В XIX веке в период «после 1815 года» во французской Стране басков наблюдался подъем национального самосознания, который еще более укрепляли изыскания лингвистов из других областей. Среди них можно отметить, помимо Вильгельма Гумбольдта, князя Луи Люсьена Бонапарта, сына Люсьена Бонапарта, который прослыл «гигантом баскологии». Все большая интеграция во французское сообщество, от Наполеона до де Голля, характеризовалась постоянным развитием грамотности, приобщением к французскому языку, который сосуществовал печально рядом с местными наречиями, сохранявшими свою силу в горных убежищах. Электорат, с тех пор, как существовало всеобщее избирательное право, демонстрировал в целом «умеренные» тенденции: во время президентских выборов в 1981 году в Стране басков 55,76 % отдали свои голоса за Валери Жискар д'Эстена, и это процентное соотношение дошло до 62,42 % «во внутренних областях» и упало до 52,62 % на побережье, более открытом для левых влияний[116].

В какой мере на французскую Страну басков повлиял националистический дух, такой ядовитый за пределами границ, в Бискайе и Гипускоа? Оставим в стороне, но не совсем…. вопрос, конечно, животрепещущий, о роли «нижнего основания», который занимает Северный Ёскади в стратегии террористов из ETА: подпольные бойцы, появившись с другой стороны Пиренеев, отсиживаются в Нижней Наварре[117], в Лабуре и Суле, откуда их периодически выгоняет французский министр внутренних дел и затем принудительно высылает их. Но когда речь идет о выборах[118], это совсем другой вопрос: на выборах в законодательные органы в 1967 году кандидаты от Энбата, националистического баскского движения на французской территории, получили 5 035 голосов из 108 662 проголосовавших, то есть 4,63 %. Этот процент снизился до 3,59 % в 1978 году, когда голосовали за кандидатов от EHAS, фракции с наиболее левой ориентацией из Энбата[119]. Приверженцы национальной самобытности добиваются гораздо более существенных результатов в области культуры и образования благодаря созданию школ, где преподавание ведется на баскском языке.

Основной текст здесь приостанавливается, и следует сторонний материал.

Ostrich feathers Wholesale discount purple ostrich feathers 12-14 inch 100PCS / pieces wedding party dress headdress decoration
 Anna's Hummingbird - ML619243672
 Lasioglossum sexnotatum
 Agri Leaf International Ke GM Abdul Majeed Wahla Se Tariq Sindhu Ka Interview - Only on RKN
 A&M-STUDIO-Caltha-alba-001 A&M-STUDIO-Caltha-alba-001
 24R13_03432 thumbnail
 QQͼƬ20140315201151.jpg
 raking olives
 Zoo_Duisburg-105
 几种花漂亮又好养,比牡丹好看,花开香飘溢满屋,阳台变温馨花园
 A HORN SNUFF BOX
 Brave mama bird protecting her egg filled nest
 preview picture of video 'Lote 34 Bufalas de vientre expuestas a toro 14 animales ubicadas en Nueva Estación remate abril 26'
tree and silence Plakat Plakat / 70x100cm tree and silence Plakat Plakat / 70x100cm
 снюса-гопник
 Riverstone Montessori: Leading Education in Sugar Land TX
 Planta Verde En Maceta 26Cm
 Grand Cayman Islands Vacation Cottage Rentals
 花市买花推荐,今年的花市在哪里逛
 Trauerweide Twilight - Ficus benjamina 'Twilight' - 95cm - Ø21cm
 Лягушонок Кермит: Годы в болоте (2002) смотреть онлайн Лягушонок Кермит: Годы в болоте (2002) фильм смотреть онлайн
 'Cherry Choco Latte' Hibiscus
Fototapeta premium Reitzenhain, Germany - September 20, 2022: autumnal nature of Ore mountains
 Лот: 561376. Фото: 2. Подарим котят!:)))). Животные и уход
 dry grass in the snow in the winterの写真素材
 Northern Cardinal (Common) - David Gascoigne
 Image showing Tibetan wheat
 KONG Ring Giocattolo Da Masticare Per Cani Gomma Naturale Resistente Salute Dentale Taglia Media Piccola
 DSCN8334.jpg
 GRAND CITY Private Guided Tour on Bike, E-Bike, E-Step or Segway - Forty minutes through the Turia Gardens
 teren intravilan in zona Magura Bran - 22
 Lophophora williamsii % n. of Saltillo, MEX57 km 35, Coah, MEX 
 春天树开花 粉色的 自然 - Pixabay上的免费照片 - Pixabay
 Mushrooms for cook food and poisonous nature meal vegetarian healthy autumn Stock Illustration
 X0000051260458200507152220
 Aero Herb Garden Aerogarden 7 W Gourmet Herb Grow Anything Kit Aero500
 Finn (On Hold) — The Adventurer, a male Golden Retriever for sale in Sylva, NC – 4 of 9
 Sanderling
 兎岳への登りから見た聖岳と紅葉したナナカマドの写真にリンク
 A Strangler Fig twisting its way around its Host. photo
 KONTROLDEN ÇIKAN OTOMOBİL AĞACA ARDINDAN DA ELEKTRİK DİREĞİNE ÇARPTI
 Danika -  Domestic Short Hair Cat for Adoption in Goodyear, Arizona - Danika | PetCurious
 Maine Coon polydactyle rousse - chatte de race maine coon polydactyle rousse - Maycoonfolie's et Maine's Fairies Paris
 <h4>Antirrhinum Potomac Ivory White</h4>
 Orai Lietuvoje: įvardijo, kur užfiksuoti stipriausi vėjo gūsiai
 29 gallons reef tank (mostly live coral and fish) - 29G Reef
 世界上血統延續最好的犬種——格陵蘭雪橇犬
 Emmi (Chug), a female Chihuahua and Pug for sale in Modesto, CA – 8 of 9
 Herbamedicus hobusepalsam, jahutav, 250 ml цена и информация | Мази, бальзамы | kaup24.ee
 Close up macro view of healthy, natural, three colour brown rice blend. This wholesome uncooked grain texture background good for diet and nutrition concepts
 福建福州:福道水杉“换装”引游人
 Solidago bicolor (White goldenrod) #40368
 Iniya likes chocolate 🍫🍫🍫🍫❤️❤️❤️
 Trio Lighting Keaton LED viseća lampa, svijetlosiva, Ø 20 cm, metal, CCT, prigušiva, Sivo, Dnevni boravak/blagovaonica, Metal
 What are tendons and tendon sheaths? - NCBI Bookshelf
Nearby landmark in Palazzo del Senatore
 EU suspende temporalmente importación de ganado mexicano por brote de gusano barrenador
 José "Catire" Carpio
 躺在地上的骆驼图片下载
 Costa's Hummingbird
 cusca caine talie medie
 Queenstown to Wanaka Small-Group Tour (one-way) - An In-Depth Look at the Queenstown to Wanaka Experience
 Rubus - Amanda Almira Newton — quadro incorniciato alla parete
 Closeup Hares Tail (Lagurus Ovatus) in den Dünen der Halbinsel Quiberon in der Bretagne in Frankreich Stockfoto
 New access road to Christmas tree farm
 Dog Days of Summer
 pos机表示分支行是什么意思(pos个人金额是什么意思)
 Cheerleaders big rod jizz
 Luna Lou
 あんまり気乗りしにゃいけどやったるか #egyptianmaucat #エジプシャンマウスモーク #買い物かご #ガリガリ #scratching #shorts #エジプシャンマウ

И наконец, знак «Ипарретаррак» в регионе ассоциируется с жестоким экстремизмом на чисто (?) локальной основе; он отделился (в принципе) от Южного Ёскади и ETА, но он также активно полагается на подпольные насильственные действия. «Ипарретаррак» вот уже несколько лет является оплотом малочисленных воинственно настроенных членов, которых мы не решаемся квалифицировать как «отчаявшихся»; иногда он вербует своих бойцов из числа бывших семинаристов и пользуется поддержкой, естественно издалека, некоторых представителей регионального духовенства. Это один повод напомнить о связях, которые с незапамятных времен установились между баскским языком и католической религией, иногда на основе воинствующего мистицизма. И плюс к тому, результаты более близких к нам по времени выборов иногда показали на местах, что националисты добились в некоторых случаях несколько больших результатов, чем те, которые мы привели выше, а в некоторых деревнях…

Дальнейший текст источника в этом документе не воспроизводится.